Компания Adobe выпустила обновление для популярной платформы Flash Player. Посредством обновления фирма устранила три уязвимости. Они могли использоваться для выполнения произвольного кода на компьютере.
Разработчики назвали уязвимости «критическими». Это наивысший показатель опасности, а значит, всем пользователям Flash Player необходимо обновить ПО. Две из данных брешей нарушают память и позволяют хакеру удаленно выполнять машинный код. Данные ошибки нашли Ян Бир (Ian Beer) из отдела Google Project Zero и Вен Гуаньсин (Wen Guangxing), который работает в компании Venustech. Еще из Flash Player убрали ошибку класса integer overflow.
В Google Chrome новейший вариант плейера устанавливается автоматически через механизм обновления бразуера. Adobe Flash Player позволяет автоматически устанавливать апдейты, как только они появляются. О новом релизе можно узнать, активировав функцию уведомлений.
Процесс обновления продуктов множества компаний синхронизирован с выпуском апдейтов безопасности для ОС Windows.
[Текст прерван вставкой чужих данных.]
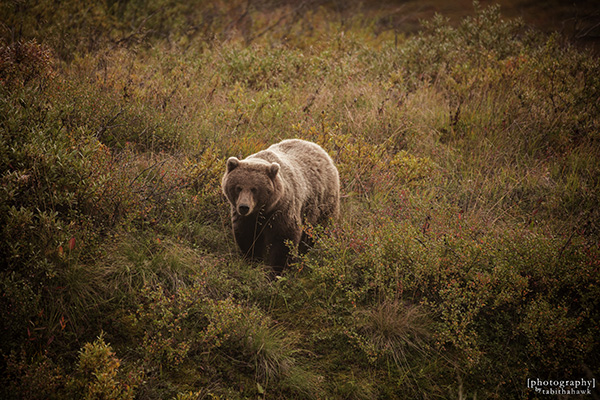 Grizzly Bear in Denali National Park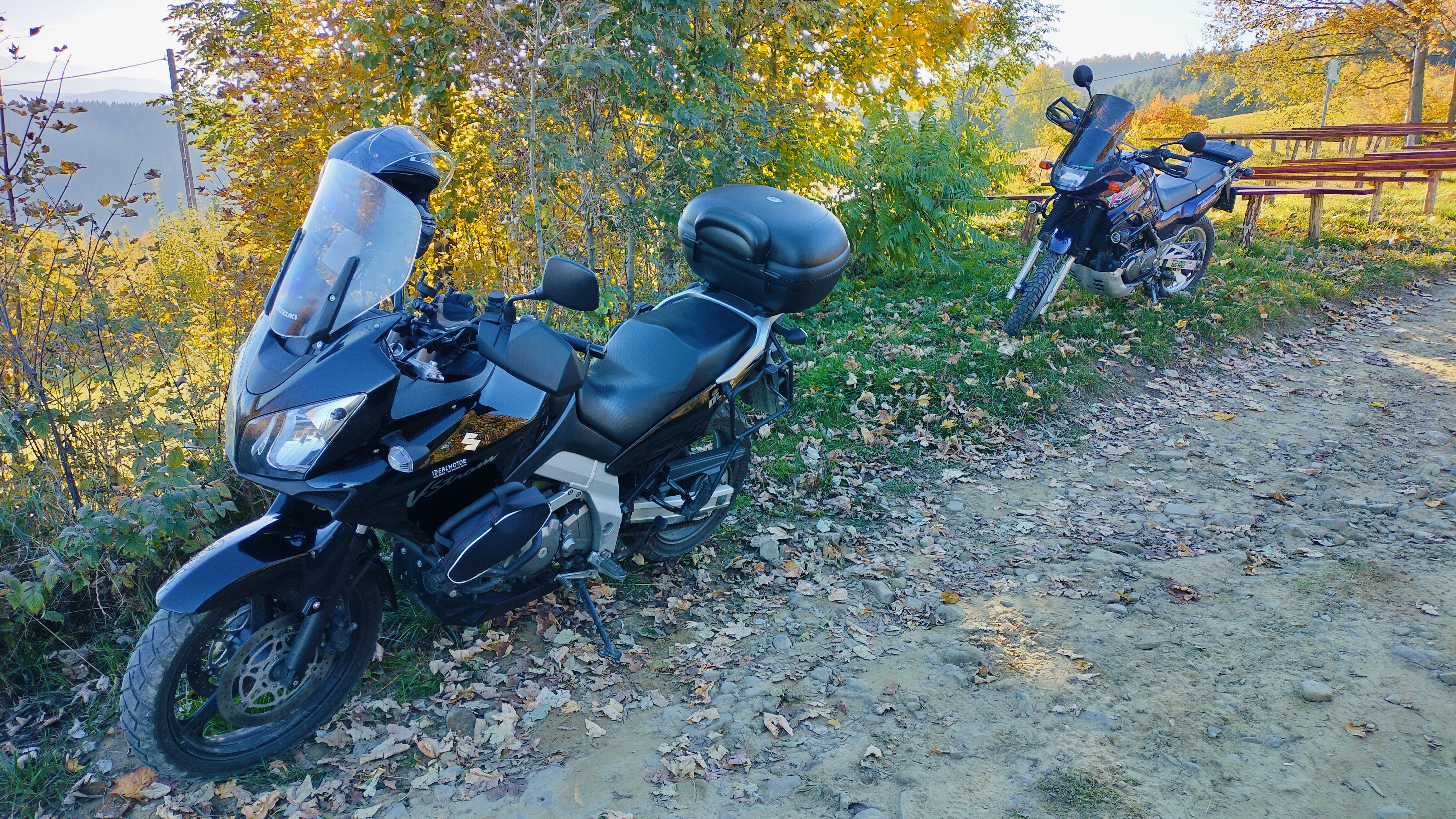 Photo 2825075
В результате сразу несколько компаний издают обновления в один день с создателями данной операционной системы.

anti-malware.ru

----------

Надоело быть жертвой? Стань профи по информационной безопасности, получай самую свежую информацию об угрозах и средствах защиты от ведущего российского аналитического центра Anti-Malware.ru:

----------


## Val_Ery

Лучше бы McAfee Security Scan устранили  :Cheesy: 

P.S. Может, Эдоби потому и отказались от поддержки флеш-плейера для Линукс, потому что линуксоидам эту поделку не впарить?  :Stick Out Tongue:

----------


## Никита Соловьев

> Лучше бы McAfee Security Scan устранили


 :Thumbs Up:   На все сто согласен.

----------


## Val_Ery

*Никита Соловьев*, 
Ура!!! Я, значит, не один  :Beer:

----------


## Никита Соловьев

*Val_Ery*, Определённо. Этот сканер макафи отвратительная вещь.

----------